Blogging My Successes And Failures

As I move from employee to self-employed software developer and attempt to build a company around my ideas, one central point sticks in my mind that I read from Paul Graham: if one is to succeed one has to make failure more costly. Not just in terms of wasted time or in terms of lost money–no, one has to make failure personal.

Making failure personal is actually rather easy: first, make what you’re doing part of your identity. When we introduce ourselves we often introduce ourselves with our status or our position: “Hi, I’m Joe, and I’m a sophomore student at cool college.” “Hi, Joe; I’m Jeff and I’m a senior developer at awesome corporation.”

So, in two weeks, I’d like to introduce myself as Bill Woody, sole proprietor and principal software developer of Chaos In Motion, a startup corporation specializing in business communications and management software. It’s now part of my identity–it is now part of who I am. Which means this must be a single-focused part of my identity: I cannot be “a part-time student and chief programmer” because if the chief programmer fails, well, hell–I was always just a part-time student anyway. Who cares about the fact that my company fails.

But if I’m not anything else, well, who wants to go through life being a personal failure?

The second step is equally easy: announce it to the world. Announce it to your friends, to your family, to your wife and kids–make your personal success or failure as public as possible. Join social groups or alumni luncheons and make it part of your identity. It is who you are.

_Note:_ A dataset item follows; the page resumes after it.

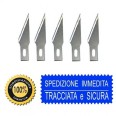 Lame Ricambio Cutter Bisturi Hobby Con 8 Lame 1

It is what you are all about.

And as soon as everyone else around you has bought into your own identity, and as soon as you have bought into your own identity–well, now you have no choice but to succeed regardless of what hell you must put yourself through.

Because it’s either that or acknowledging the most hateful thing we can possibly do: that we haven’t just failed to start up something–but that we are in fact a failure. We’ve failed our friends, our families, the people in our social circles. We’ve failed ourselves.

So you’ll excuse me if I make blogging about my own startup a core element of this blog. Because it’s my intention to be about as public as humanly possible, in order to make the price of my failure as expensive as humanly possible.